Last night Kevin and I were flipping channels in desperate search of some entertainment. Unfortunately, as I’ve already documented on this blog, Germany is a TV wasteland. While I can occasionally find interesting reality television programs, the Germans’ taste in movies is unbelievably awful. Although, it’s very awfulness can occasionally be entertaining.
Recently, Kevin and I stumbled upon such prime-time offerings as The Scarlet Buckaneer (1978), (“A pirate and a hot-tempered noblewoman join forces to protect Jamaica from a tyrant”), and Krull (1983), (“A prince and a fellowship of companions set out to rescue his bride from a fortress of alien invaders who have arrived on their home planet.”) The Scarlet Buckaneer, was pretty campy, although I’m sure it’s one of the movies James Earl Jones leaves off his resumé.
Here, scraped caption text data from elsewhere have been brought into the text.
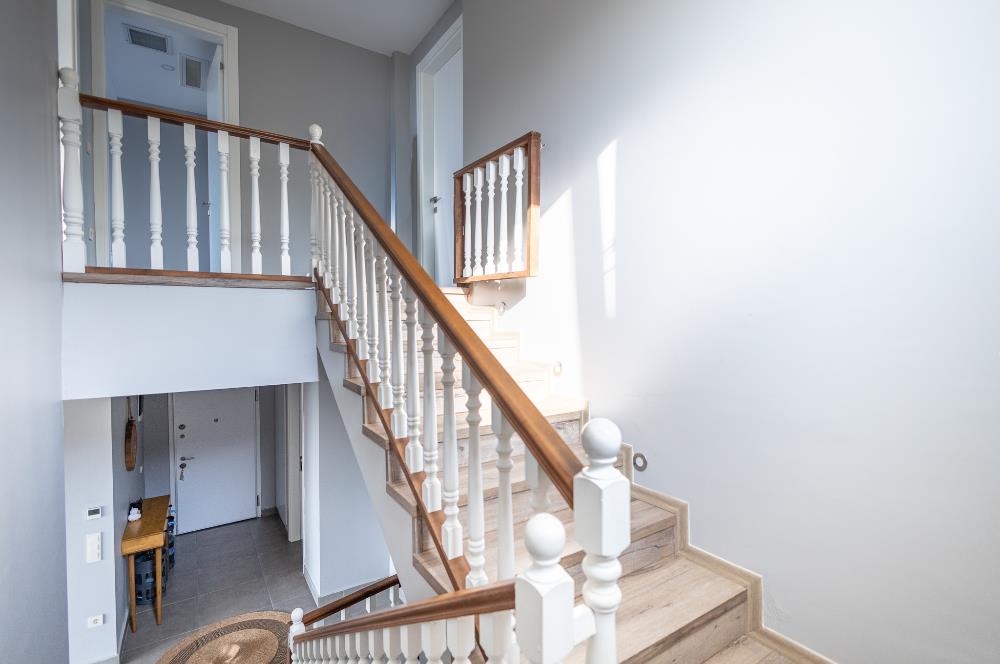 Bodrum Yalıkavak Özel Havuzlu, Manzaralı Satılık 4+1 Dubleks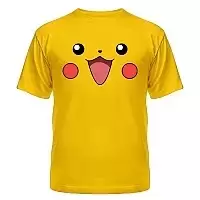  Pokemon Pikachu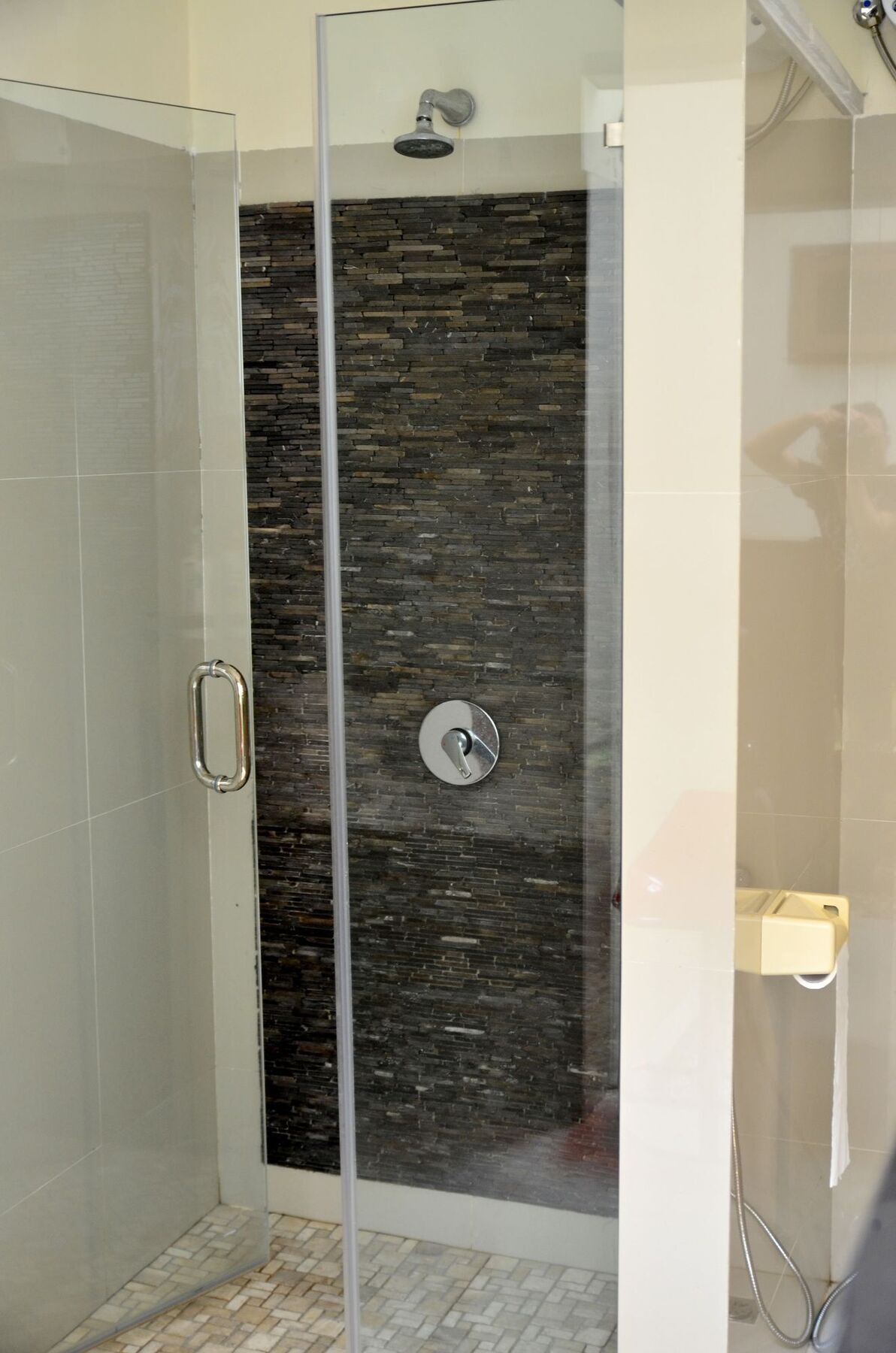 Villa Intan Bali Legian 外观 照片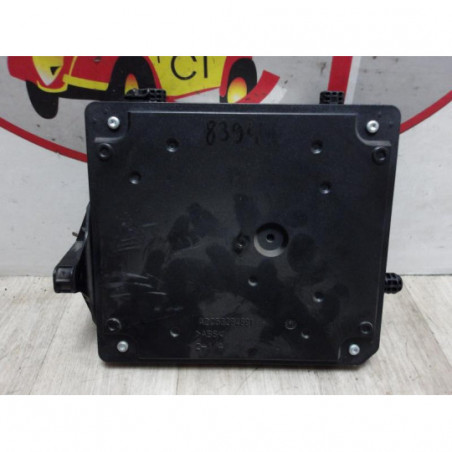 Boitier servitude moteur (BSM) RENAULT GRAND SCENIC 3 PHASE 1 d’occasion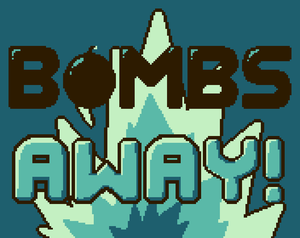 Bombs Away!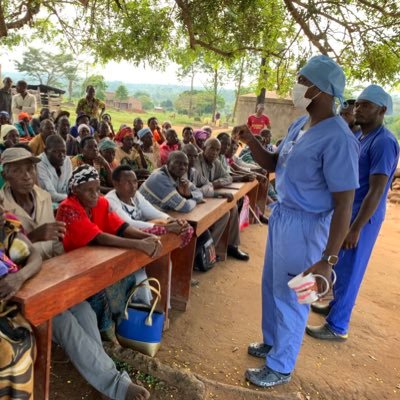 Dentist .Good Hope Dental African Missions. For charity community dental outreaches and affordable dental services to the privileged for project sustainability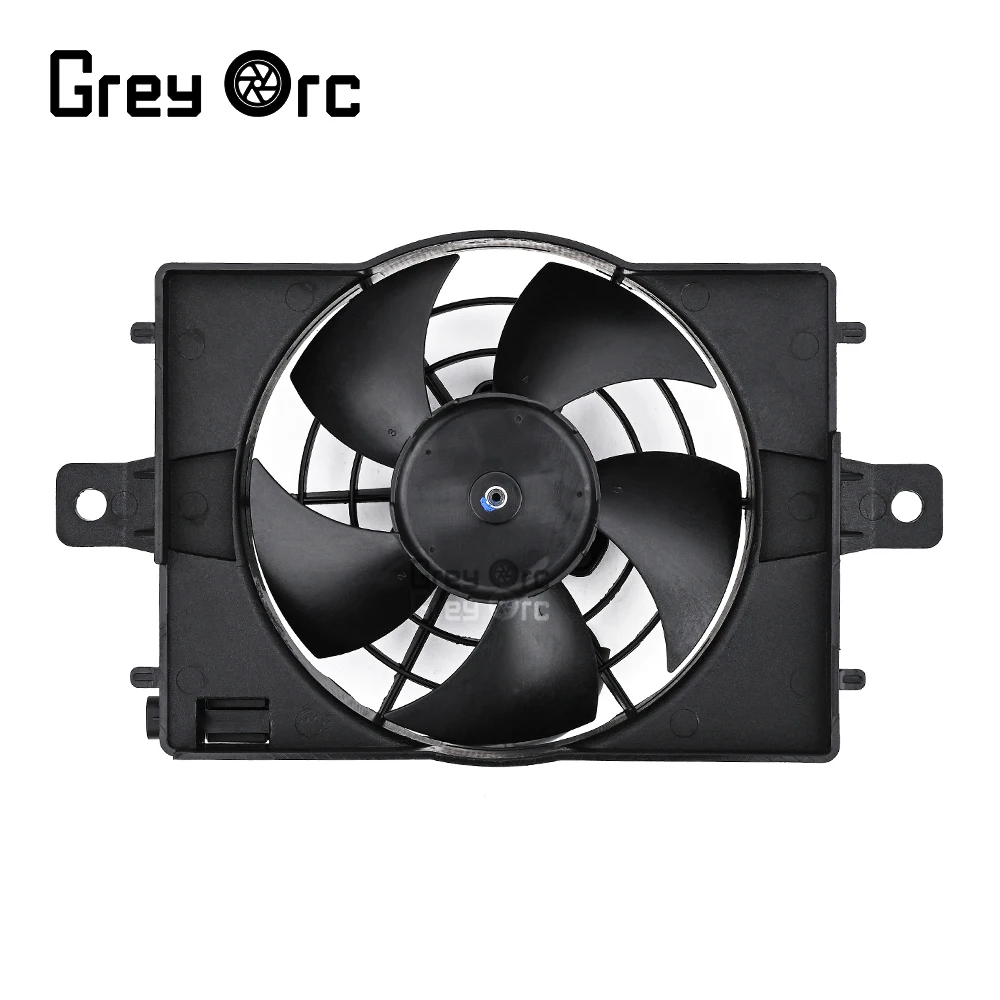 For BMW R1200GS ADV/RT 2011-2018 2017 2016 2015 R1250 GS/RT 2017-2022 Motorcycle Engine Cooler Cooling Fan Radiator Fan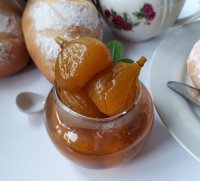 مربای انجیر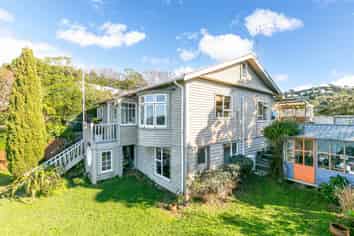 55 Kainui Road, Hataitai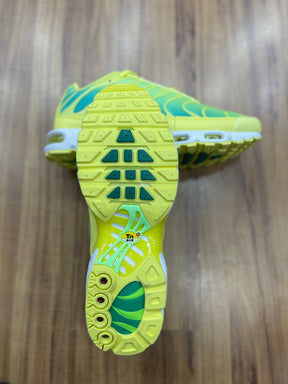 Air Max TN "Lemon Line"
But Krull was completely unwatchable. “It may actually be the worst movie of all time,” says Kevin. And he would know. His favorite childhood movie was The Last Starfighter (1984). (“A video-gaming boy, seemingly doomed to stay at his trailer park home all his life, finds himself recruited as a gunner for an alien defense force.”) Our theories are that either Germans can’t tell the difference between good and bad movies or that German television stations are just so cheap they will only buy the movies with the lowest licensing fees – as in “three easy installments of $19.95.”
Anyway, the one channel that regularly shows good movies is Duna, the Hungarian channel. They’ve recently aired Legally Blond, Chocolat, Stripes, and Anne of Avonlea. Well, at least they are good by comparison. Unfortunately, they’re all dubbed into Magyar, the Hungarian language, and Magyar is one of the rare languages spoken in Europe that doesn’t belong to the Indo-European language group. We can’t recognize a single word, but that doesn’t stop us from watching it. Watching good movies in Magyar is better than watching bad movies in German.
So last night Duna was showing some Bollywood movie about a beautiful young Indian woman who falls in love with a dashing British man, while her match-maker mother is trying to arrange a match with an obsequious bore. Although we couldn’t understand a single word, Kevin and I were really enjoying this light-hearted comedy of errors, and we began discussing how Indian culture, with its strict moral code and caste system, is one of the few modern countries where you could still have a story along the lines of a Jane Austen novel.
But after we’d been watching the movie for half an hour or so, we realized that the Bollywood movie actual was a Jane Austen novel – the 2004 hit, Bride & Prejudice -- just updated for modern audiences. This could not have been better luck for us, since Pride & Prejudice (1995) is one of our favorite movies of all time. In fact, Kevin and I have seen it so many times that we can recite the entire script backwards and forwards. What a crazy world it is to be sitting in Germany, watching an Indian remake of a British novel, recorded in English and dubbed into Magyar – and to not understand a single word, but to know the whole story all the same.